Di Tella en los medios
La Nación
4/08/10

La Presidenta se equivoca

Por Sergio Berensztein

Por Sergio Berensztein

No hay ninguna duda de que Eva Duarte de Perón fue una protagonista central de la historia contemporánea de la Argentina y que su figura y su legado tuvieron un fuerte impacto en el país y en el mundo. Sea cual fuese la opinión que puedan generar sus ideas, su militancia y su imagen, resulta incuestionable que Evita tuvo peculiares dotes de liderazgo y un profundo compromiso por la causa de los más pobres. Ahora bien, más allá de haber sido una de las impulsoras del concepto de justicia social, lo cierto es que no fue su creadora, contrariamente a lo sostenido por Cristina Fernández de Kirchner durante el acto de homenaje realizado el lunes pasado en la Casa Rosada.

En efecto, un rápido repaso histórico demuestra que la Europa del Siglo XIX acunó el desarrollo de dos importantes tradiciones intelectuales basadas en el concepto de justicia social: la doctrina social impulsada por la Iglesia Católica y el pensamiento socialdemócrata. De hecho, el término "justicia social" fue utilizado por primera vez en 1840 por el cura siciliano Luigi Taparelli d´Azeglio y luego fue el concepto central de La Constitutione Civile Secondo la Giustizia Sociale, un folleto de Antonio Rosmini-Serbati publicado en 1848. Más tarde, el Papa Pío XII (1931), en la Encíclica Quadragesimo Anno, definió a la justicia social como un límite al cual debía sujetarse la distribución de la riqueza en una sociedad, con vistas a reducir la diferencia entre los ricos y los más necesitados.

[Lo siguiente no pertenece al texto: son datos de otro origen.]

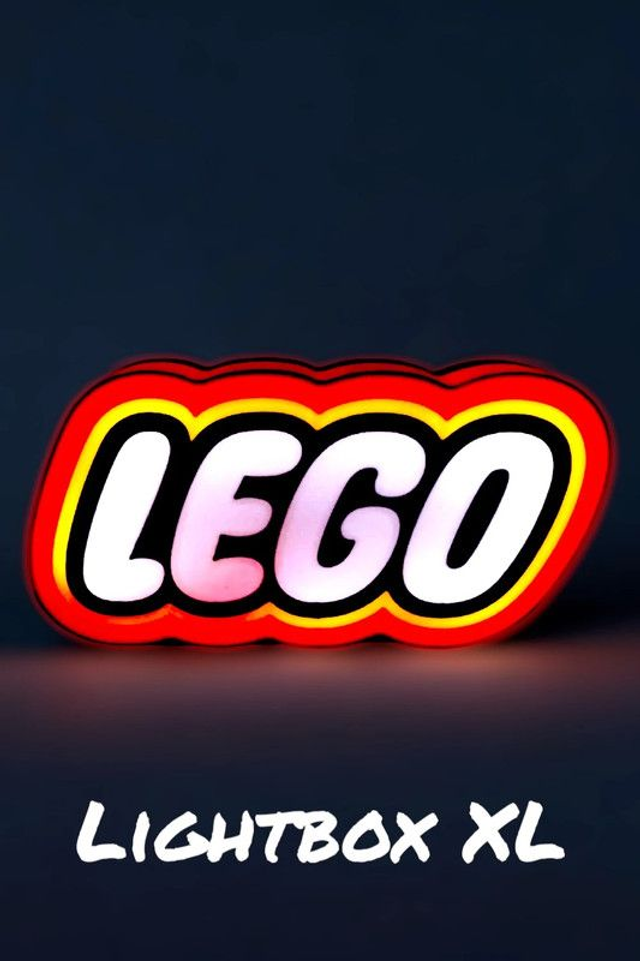 Lampe led LEGO – Lightbox XL / Déco chambre enfant & fans de briques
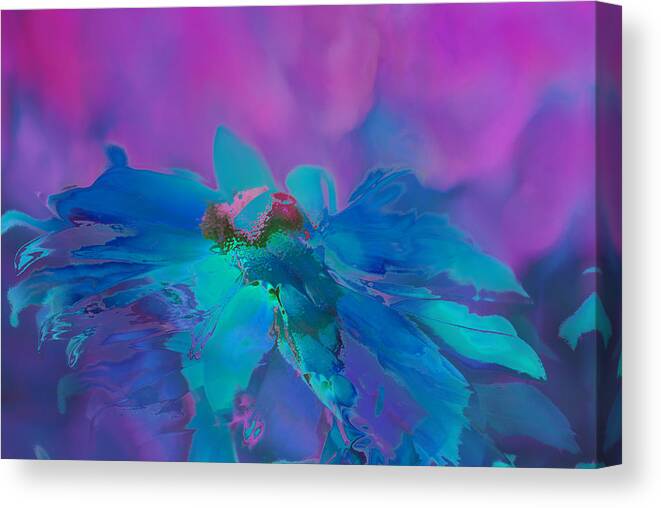 Purple Canvas Print featuring the painting This is Not Just Another Flower - bpb02 by Variance Collections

Los aportes al concepto de justicia social por parte de la tradición socialdemócrata fueron también muy trascendentes. Así, casi un siglo antes que Evita, John Stuart Mill sostenía en su libro El utilitarismo (1863) que "la sociedad debería tratar igualmente bien a los que se lo merecen, es decir, a los que se merecen absolutamente ser tratados igualmente. Este es el más elevado estándar abstracto de justicia social y distributiva; hacia el que todas las instituciones, y los esfuerzos de todos los ciudadanos virtuosos, deberían ser llevadas a convergir en el mayor grado posible´´. Esta definición fue rescatada más tarde por los socialistas fabianos ingleses (1889), para quienes la justicia social era el objetivo ético central para guiar la evolución de la sociedad hacia un sistema de democracia con un umbral alto de igualdad en términos distributivos y de oportunidades. A su vez, la influencia de la Sociedad Fabiana en la conformación del Partido Laborista y, paralelamente, en el pensamiento socialdemócrata alemán y francés, terminó de otorgarle al concepto de justicia social un status casi canónico en el pensamiento social contemporáneo. Por eso, no debe sorprender que en la Constitución de la Organización Internacional del Trabajo (OIT) en 1919 se estableciera que "la paz universal y permanente sólo puede basarse en la justicia social".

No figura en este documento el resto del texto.